> **GIVEN RECORDS**:
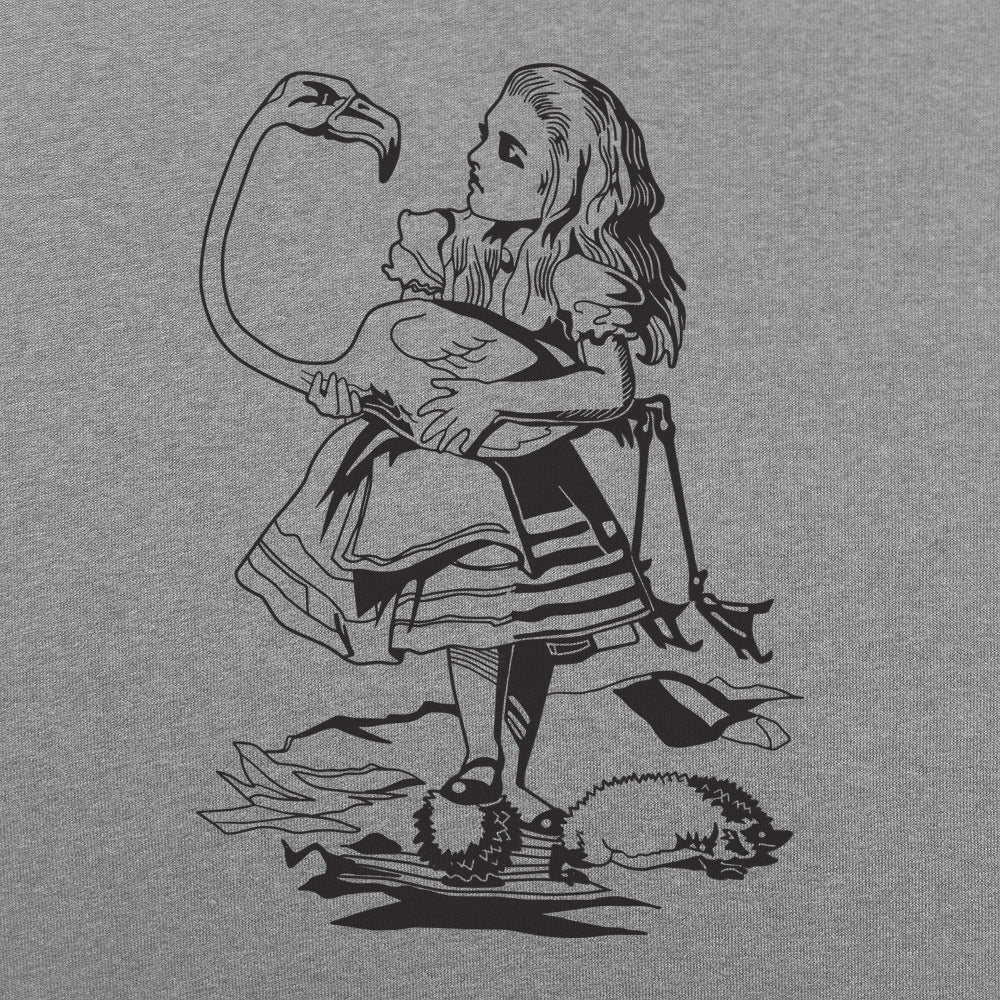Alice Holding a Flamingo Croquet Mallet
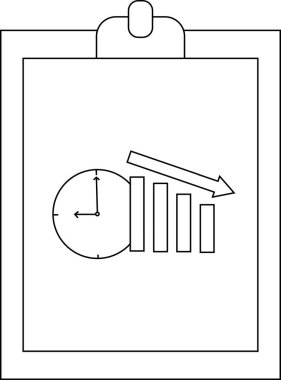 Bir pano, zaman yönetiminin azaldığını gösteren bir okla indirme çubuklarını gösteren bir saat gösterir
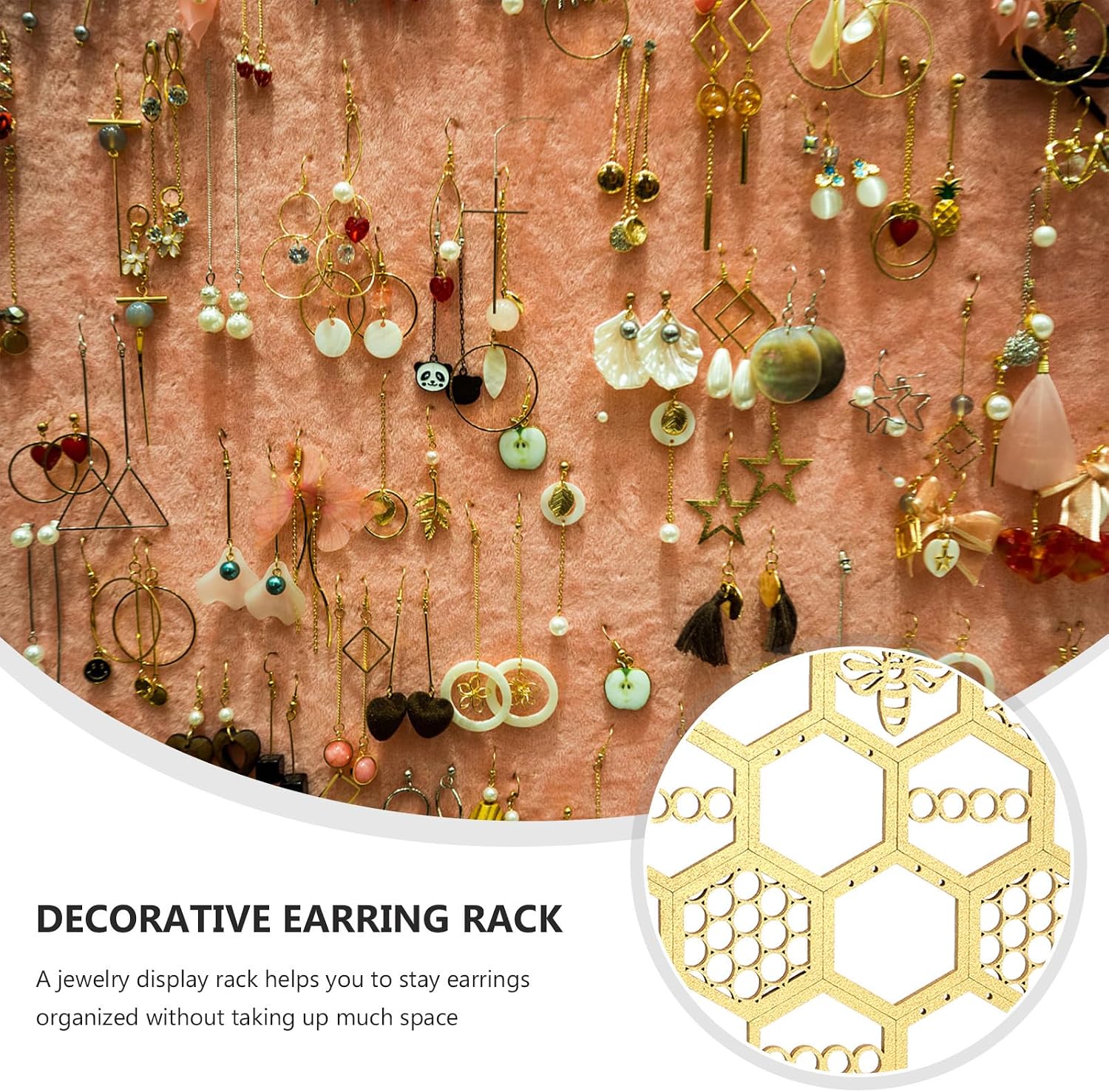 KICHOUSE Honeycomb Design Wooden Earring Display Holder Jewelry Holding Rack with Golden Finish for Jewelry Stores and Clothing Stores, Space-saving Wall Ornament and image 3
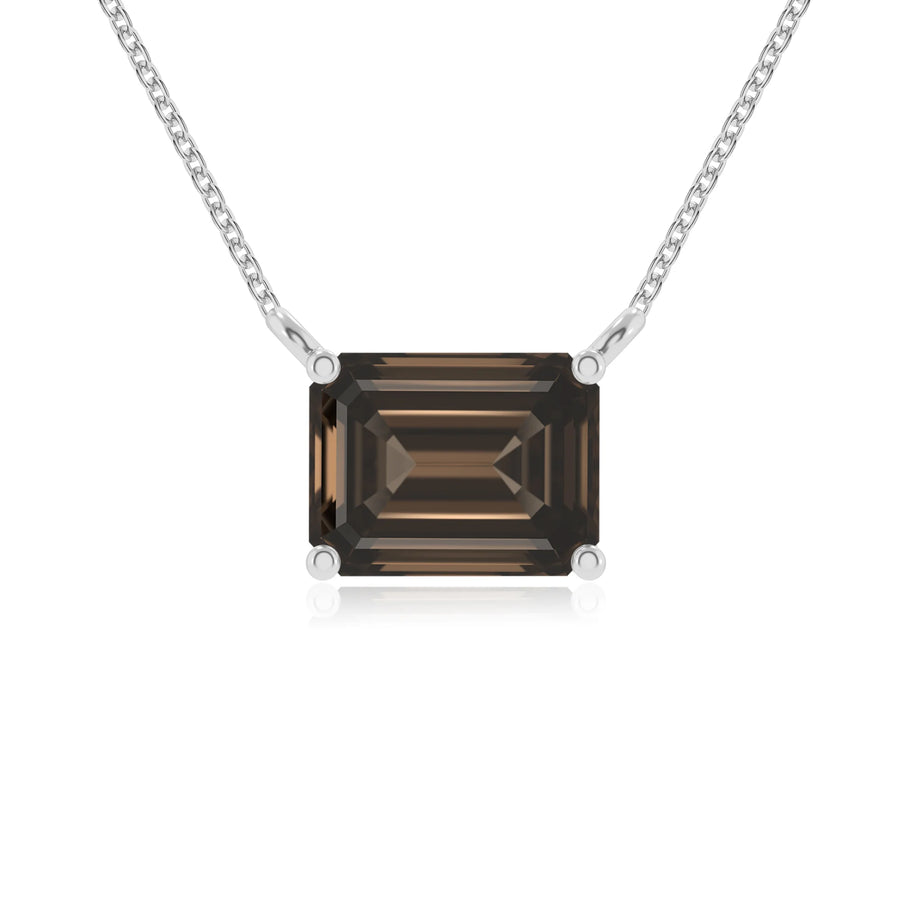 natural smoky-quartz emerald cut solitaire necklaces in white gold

==

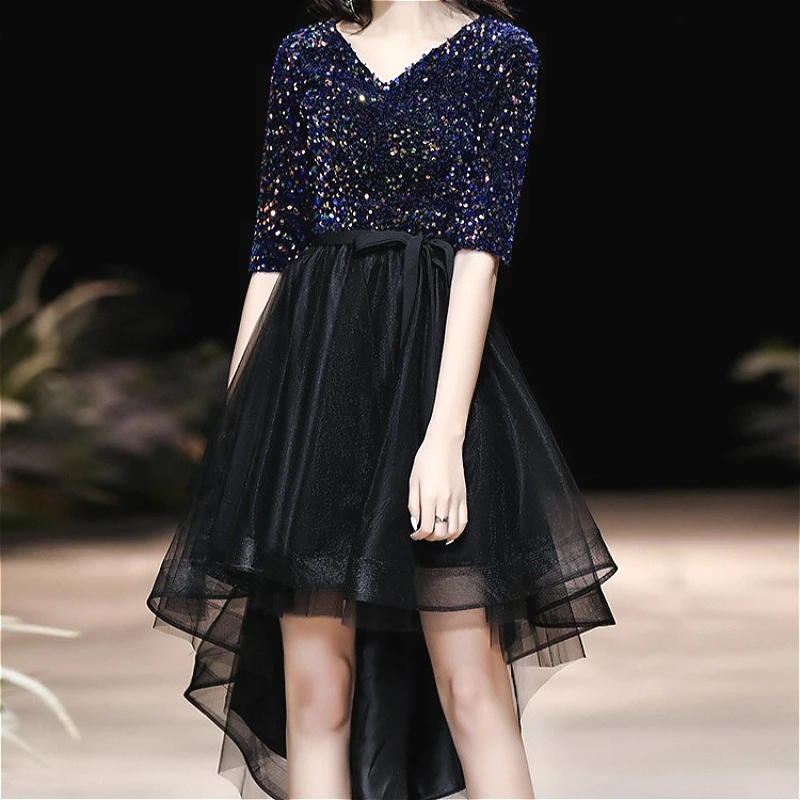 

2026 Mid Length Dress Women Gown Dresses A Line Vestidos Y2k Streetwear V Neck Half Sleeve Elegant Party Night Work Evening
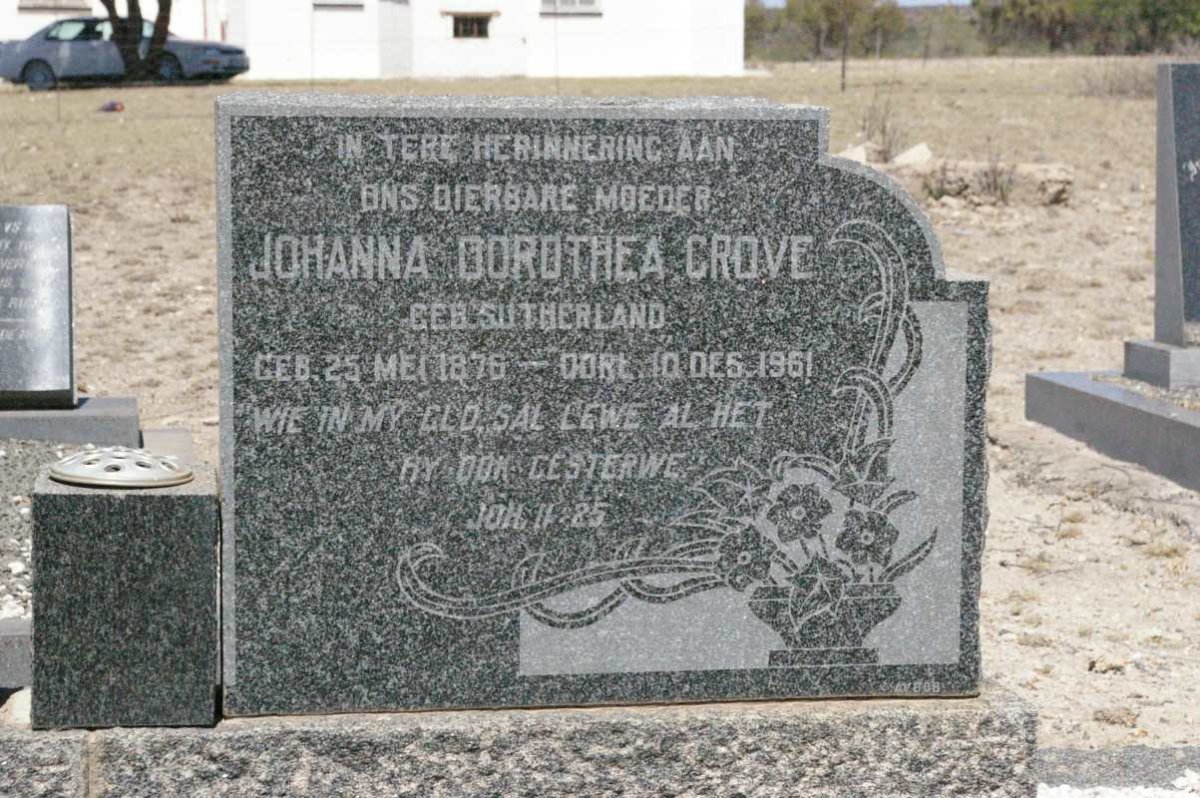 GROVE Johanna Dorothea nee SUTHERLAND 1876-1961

> **TASK STATEMENT**:
Look above for the line with "Alice Holding a Flamingo Croquet Mallet" and the line with "natural smoky-quartz emerald", then copy exactly the lines from the first through the second, both kept, with no pictures.

> **YOUR RESPONSE**:
Alice Holding a Flamingo Croquet Mallet
 Bir pano, zaman yönetiminin azaldığını gösteren bir okla indirme çubuklarını gösteren bir saat gösterir
 KICHOUSE Honeycomb Design Wooden Earring Display Holder Jewelry Holding Rack with Golden Finish for Jewelry Stores and Clothing Stores, Space-saving Wall Ornament and image 3
 natural smoky-quartz emerald cut solitaire necklaces in white gold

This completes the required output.